Of the many dramatic consequences of the end of the Cold War, few have been as notable as the sudden expansion in the international role of the United Nations. Consider for example, that the UN has embarked on almost as many peacekeeping operations in the four years that have passed since 1989, as it did in the four decades that preceded it. The prospects are that in the next few years its peacekeeping activities will expand faster still. In a sense, the very fact of the UN's interventionism is a guarantee of this, for it provides an incentive for conflicts to be taken to the point where intercession becomes inevitable.
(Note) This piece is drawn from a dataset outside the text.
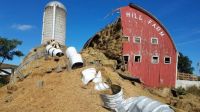 Collapsed Silo and barn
It is no coincidence that the majority of the UN's peacekeeping operations to date have been in places that fall within anthropology's traditional domains - in Asia, Africa, and Central America - and there can be little doubt that it is those very areas that will provide most of the locations for the UN missions of the future. In many of these places, peacekeeping operations will inevitably become harbingers of the future, not merely because of their immediate impact on the ebb and flow of politics, but also because they will serve as a political model, as a pattern of order and governance. It is the peculiar power of such models that they produce imaginative - and therefore cultural and political - resonances that reach far beyond the fields where they are first tested: nationalism is one example. It is my belief that the workings of international peacekeeping as we see them today may well contain the elements of another such model, one that will probably be this century's most important political legacy to the next (412).
Ghosh, Amitav. "The Global Reservation: Notes toward an Ethnography of International Peacekeeping." Cultural Anthropology 9.3(1994): 412–422.